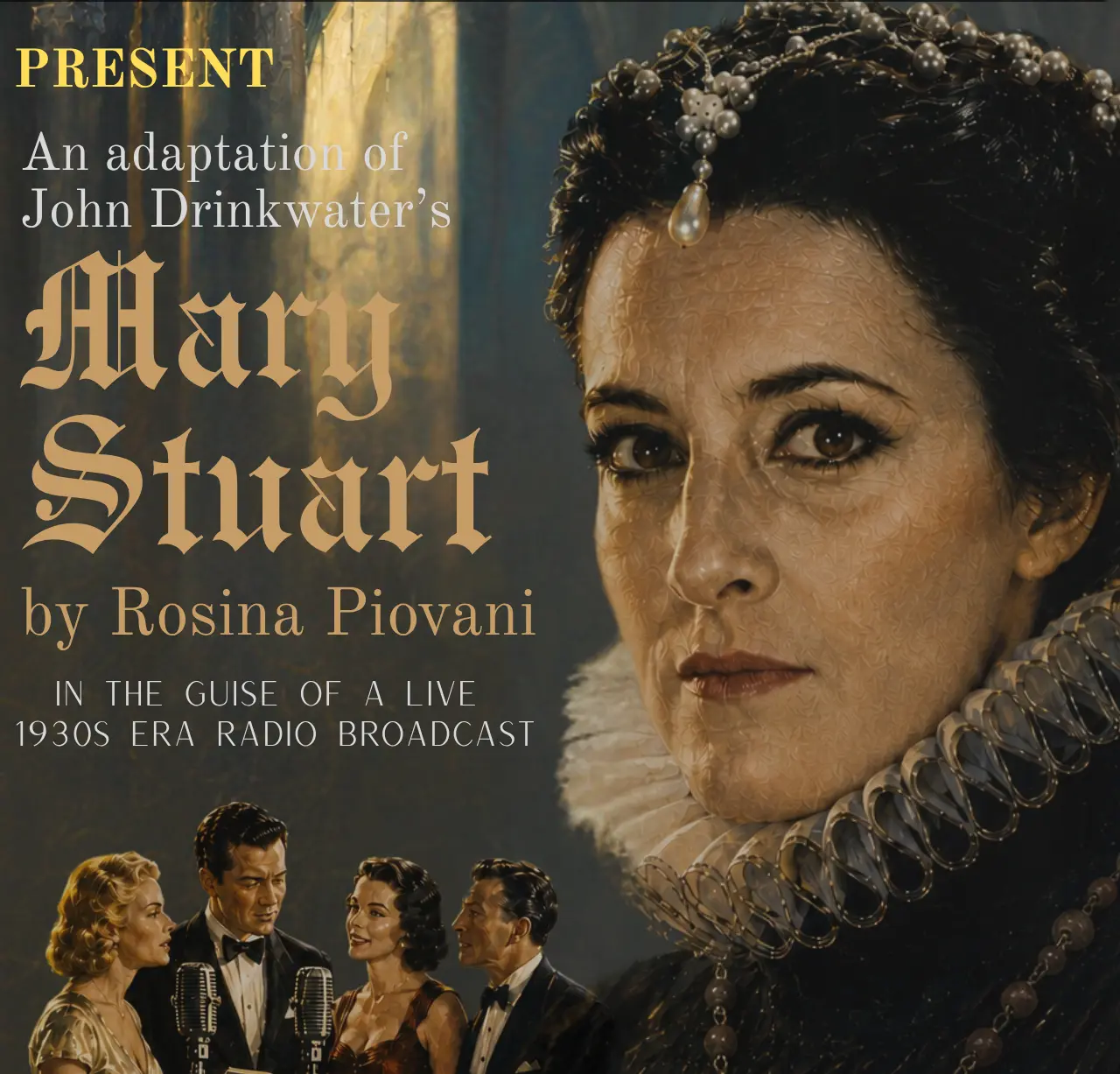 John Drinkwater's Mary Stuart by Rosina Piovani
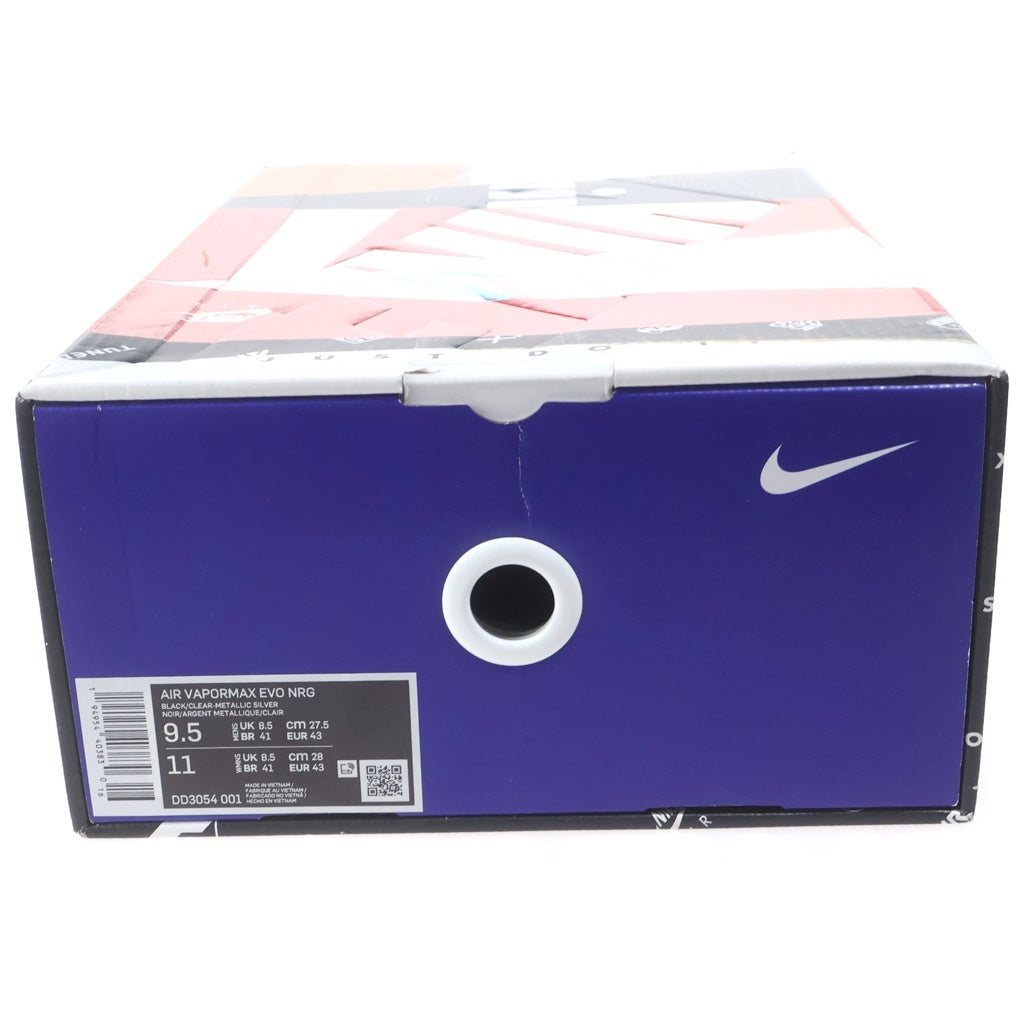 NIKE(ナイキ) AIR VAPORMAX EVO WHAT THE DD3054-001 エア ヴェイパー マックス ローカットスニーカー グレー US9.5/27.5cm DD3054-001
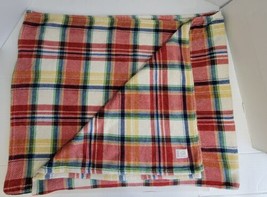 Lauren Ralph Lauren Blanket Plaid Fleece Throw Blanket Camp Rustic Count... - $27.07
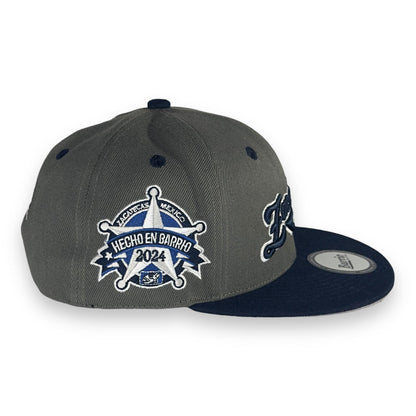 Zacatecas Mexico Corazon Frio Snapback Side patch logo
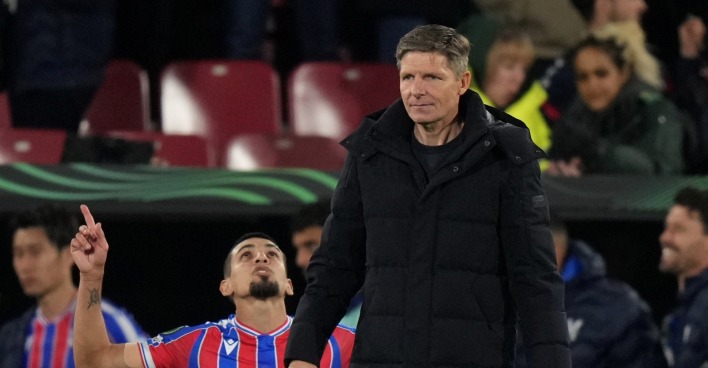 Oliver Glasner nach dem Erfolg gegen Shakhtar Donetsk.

▬▬▬

* [WHAT IS REQUIRED]:
Keep the pictures out of your copy, and repeat every entry above exactly.

* [OUTPUT BELOW]:
 John Drinkwater's Mary Stuart by Rosina Piovani
 NIKE(ナイキ) AIR VAPORMAX EVO WHAT THE DD3054-001 エア ヴェイパー マックス ローカットスニーカー グレー US9.5/27.5cm DD3054-001
 Lauren Ralph Lauren Blanket Plaid Fleece Throw Blanket Camp Rustic Count... - $27.07
 Zacatecas Mexico Corazon Frio Snapback Side patch logo
 Oliver Glasner nach dem Erfolg gegen Shakhtar Donetsk.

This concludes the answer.